TASK TO CARRY OUT: Beginning with the first line and ending with the one containing "Santa Trump 2024", copy the lines of the listing below exactly; omit everything else.

PROVIDED ENTRIES:
===

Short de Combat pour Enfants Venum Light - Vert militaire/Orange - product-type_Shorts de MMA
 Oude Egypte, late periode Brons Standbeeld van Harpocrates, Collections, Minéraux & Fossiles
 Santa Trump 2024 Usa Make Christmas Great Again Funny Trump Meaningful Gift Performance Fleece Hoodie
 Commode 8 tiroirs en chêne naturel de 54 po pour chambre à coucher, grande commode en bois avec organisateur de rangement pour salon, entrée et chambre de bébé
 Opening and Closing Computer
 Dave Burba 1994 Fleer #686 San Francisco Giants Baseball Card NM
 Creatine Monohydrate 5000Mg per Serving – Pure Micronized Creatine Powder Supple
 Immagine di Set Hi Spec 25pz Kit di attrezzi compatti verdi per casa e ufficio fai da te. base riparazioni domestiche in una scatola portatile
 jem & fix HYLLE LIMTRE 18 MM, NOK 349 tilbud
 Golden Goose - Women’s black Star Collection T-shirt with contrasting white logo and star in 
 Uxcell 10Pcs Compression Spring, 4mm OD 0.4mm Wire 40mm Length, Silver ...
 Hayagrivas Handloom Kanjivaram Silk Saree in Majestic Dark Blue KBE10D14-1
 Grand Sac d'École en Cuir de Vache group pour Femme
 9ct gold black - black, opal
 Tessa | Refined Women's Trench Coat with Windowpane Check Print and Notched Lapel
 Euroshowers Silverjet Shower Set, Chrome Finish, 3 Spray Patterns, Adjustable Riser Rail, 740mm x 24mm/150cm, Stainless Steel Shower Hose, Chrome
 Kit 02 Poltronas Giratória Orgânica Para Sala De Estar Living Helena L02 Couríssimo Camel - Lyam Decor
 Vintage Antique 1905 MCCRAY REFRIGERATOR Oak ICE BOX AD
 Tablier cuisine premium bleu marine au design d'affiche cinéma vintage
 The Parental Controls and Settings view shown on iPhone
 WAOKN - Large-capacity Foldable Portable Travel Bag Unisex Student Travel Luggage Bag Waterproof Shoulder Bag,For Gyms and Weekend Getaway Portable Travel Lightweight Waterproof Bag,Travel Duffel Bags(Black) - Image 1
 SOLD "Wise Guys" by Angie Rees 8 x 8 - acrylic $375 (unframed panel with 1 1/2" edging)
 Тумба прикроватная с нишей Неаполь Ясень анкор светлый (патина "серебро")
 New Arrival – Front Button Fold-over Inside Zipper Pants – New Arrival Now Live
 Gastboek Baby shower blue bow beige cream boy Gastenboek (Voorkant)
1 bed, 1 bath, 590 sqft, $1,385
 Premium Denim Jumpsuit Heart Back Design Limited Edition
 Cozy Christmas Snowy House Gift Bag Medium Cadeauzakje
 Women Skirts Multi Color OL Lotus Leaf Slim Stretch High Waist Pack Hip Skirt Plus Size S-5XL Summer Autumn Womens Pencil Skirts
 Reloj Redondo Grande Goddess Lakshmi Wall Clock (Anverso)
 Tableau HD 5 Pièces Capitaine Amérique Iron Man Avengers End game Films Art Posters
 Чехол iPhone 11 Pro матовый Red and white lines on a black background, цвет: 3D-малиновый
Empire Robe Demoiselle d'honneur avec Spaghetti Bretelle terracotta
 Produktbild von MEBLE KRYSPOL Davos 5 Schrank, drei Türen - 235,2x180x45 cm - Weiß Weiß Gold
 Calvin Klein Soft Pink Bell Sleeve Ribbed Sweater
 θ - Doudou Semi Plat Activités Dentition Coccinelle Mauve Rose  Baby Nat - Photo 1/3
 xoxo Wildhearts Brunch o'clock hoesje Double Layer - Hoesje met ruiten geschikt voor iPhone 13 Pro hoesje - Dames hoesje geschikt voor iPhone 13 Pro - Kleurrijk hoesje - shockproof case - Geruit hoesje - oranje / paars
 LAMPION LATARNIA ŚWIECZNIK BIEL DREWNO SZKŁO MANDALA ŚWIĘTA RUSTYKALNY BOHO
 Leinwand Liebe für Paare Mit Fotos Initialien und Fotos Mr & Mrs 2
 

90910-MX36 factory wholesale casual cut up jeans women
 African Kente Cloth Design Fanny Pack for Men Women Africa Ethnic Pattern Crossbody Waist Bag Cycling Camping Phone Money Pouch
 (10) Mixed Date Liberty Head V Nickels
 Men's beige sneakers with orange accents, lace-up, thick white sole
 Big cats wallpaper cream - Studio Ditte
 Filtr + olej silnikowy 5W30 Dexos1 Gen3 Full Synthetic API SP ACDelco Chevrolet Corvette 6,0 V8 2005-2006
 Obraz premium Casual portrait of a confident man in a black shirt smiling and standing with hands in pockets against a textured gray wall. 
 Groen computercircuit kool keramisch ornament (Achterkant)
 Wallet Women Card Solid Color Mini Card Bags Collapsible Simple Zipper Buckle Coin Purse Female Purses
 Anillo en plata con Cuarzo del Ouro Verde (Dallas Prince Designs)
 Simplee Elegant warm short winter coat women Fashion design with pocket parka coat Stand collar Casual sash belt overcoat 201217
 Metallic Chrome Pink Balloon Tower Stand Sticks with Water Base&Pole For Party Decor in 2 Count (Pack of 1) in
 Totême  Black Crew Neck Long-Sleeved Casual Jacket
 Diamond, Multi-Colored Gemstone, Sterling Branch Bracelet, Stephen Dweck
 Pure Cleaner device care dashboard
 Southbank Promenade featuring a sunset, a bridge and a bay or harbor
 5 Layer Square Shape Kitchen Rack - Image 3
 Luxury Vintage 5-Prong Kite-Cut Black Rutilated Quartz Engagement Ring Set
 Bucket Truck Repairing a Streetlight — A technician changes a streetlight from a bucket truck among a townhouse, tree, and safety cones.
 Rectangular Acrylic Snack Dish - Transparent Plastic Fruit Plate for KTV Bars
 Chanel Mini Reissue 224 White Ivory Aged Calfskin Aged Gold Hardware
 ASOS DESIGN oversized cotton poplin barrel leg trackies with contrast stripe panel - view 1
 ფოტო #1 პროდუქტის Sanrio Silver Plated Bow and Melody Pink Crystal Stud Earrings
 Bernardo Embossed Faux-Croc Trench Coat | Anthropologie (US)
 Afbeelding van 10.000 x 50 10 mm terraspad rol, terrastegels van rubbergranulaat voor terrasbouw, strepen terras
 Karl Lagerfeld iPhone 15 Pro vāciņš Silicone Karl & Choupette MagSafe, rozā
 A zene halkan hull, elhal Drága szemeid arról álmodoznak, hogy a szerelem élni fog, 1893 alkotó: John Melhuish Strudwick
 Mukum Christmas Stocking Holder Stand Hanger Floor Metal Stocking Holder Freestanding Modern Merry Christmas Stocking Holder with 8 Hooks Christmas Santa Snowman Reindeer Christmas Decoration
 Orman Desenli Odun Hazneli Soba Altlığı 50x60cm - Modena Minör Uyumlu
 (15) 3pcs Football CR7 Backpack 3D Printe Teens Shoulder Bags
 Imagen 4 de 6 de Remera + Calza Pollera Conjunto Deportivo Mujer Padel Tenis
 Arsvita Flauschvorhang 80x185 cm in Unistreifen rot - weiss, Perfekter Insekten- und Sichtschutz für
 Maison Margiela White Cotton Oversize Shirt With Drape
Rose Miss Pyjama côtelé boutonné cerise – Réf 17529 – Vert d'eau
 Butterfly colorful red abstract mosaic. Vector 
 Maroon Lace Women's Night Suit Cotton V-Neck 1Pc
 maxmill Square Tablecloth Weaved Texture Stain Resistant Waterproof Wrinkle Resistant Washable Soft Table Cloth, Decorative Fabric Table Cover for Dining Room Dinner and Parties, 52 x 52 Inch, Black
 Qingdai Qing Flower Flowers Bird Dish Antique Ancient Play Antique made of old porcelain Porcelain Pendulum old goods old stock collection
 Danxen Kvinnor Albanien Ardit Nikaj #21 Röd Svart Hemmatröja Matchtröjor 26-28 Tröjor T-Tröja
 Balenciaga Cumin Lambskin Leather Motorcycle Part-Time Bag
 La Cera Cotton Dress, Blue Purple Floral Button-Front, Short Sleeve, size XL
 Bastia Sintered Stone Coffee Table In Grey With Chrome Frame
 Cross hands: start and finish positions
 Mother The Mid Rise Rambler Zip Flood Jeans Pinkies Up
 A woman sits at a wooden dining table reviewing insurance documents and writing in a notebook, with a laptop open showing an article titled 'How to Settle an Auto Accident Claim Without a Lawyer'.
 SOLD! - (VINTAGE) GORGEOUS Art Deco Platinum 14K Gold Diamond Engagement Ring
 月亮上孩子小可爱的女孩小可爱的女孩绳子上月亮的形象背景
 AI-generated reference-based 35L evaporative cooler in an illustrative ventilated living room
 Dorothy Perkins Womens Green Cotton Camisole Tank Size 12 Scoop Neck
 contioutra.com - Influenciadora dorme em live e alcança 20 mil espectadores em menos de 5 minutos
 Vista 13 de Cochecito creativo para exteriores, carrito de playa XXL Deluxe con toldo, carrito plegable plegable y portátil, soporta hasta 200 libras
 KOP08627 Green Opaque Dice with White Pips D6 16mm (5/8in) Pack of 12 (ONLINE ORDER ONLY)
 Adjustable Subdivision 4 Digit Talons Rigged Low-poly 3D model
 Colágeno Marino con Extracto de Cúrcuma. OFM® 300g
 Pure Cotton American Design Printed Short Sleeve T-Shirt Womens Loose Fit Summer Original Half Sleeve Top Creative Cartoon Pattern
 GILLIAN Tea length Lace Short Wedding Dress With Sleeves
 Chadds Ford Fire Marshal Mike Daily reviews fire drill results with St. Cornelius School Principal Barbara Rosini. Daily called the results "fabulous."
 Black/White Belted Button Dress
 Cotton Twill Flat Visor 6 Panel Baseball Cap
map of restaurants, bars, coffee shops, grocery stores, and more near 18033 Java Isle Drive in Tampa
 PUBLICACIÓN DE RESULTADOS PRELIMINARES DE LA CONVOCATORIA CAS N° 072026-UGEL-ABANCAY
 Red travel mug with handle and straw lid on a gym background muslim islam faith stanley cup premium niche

===

EXERCISE OUTPUT:
Short de Combat pour Enfants Venum Light - Vert militaire/Orange - product-type_Shorts de MMA
 Oude Egypte, late periode Brons Standbeeld van Harpocrates, Collections, Minéraux & Fossiles
 Santa Trump 2024 Usa Make Christmas Great Again Funny Trump Meaningful Gift Performance Fleece Hoodie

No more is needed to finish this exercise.